Problem to work on =
Nothing but the lines below from the one containing "700 Dean Ave, Arco, ID 83213" through the one containing "765 Higher Path, Saluda, NC" should appear in the answer, exact and without pictures.

Data to process =
::::::::::

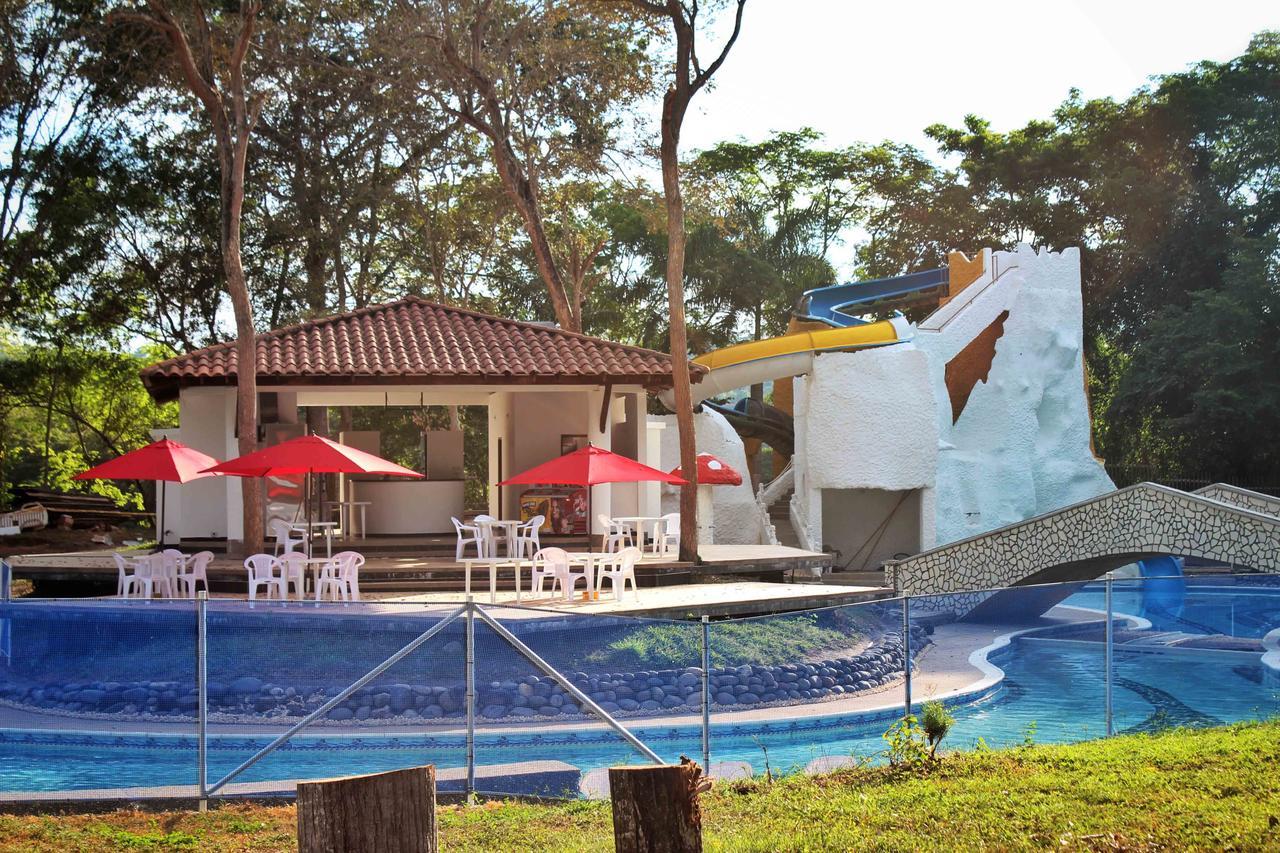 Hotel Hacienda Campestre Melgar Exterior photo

::::::::::

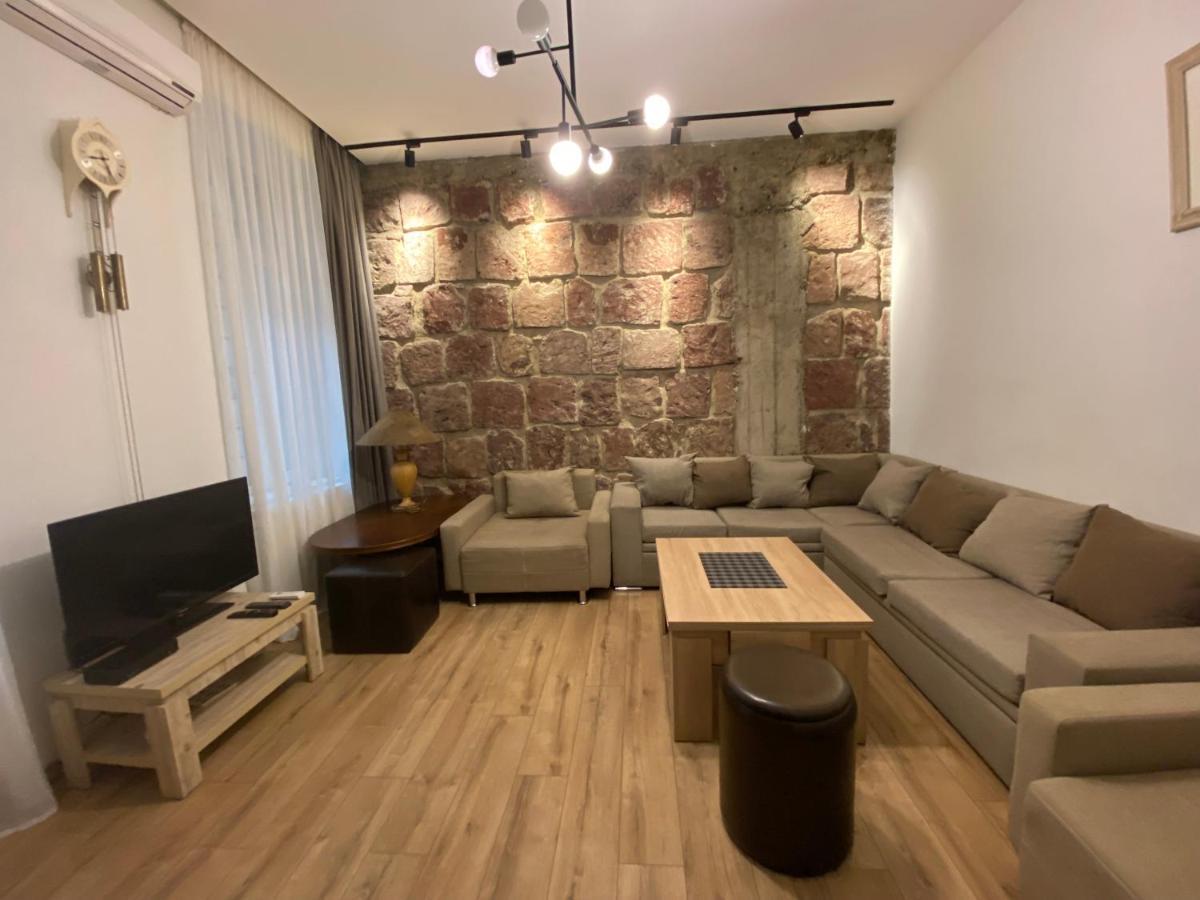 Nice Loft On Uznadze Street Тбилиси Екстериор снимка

::::::::::

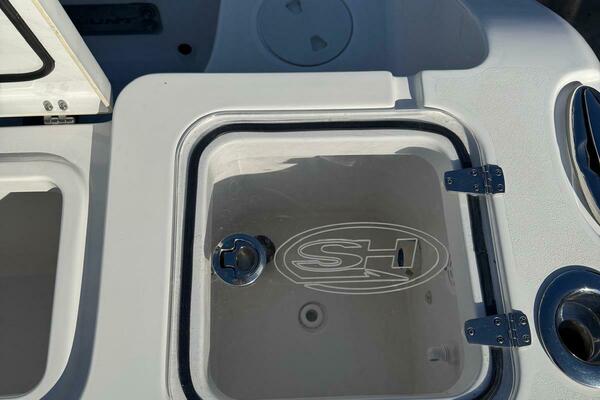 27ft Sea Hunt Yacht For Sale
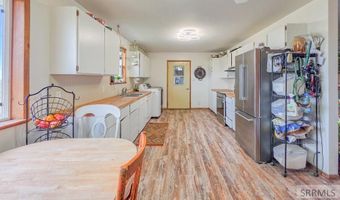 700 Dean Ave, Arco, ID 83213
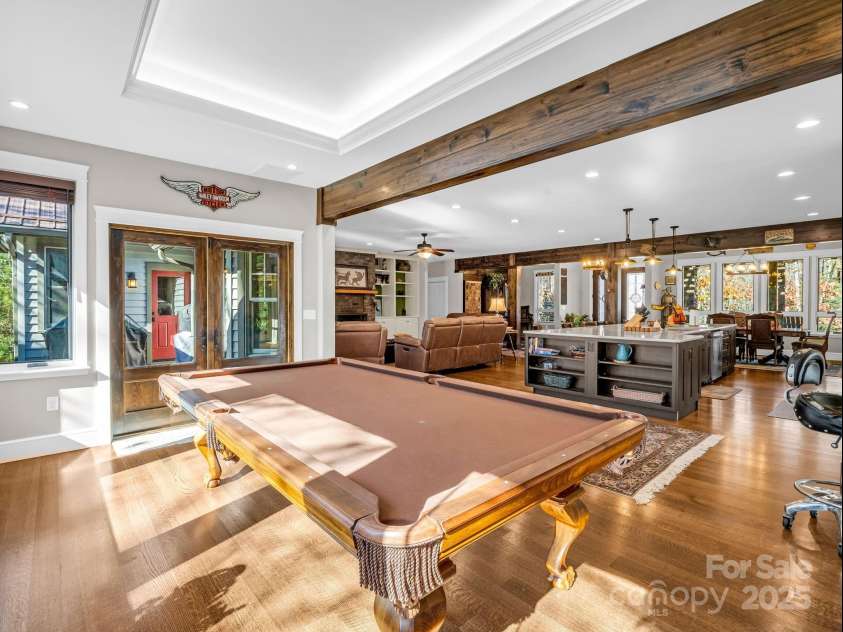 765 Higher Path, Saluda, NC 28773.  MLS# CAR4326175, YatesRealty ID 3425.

::::::::::

Answer for the task =
 700 Dean Ave, Arco, ID 83213
 765 Higher Path, Saluda, NC 28773.  MLS# CAR4326175, YatesRealty ID 3425.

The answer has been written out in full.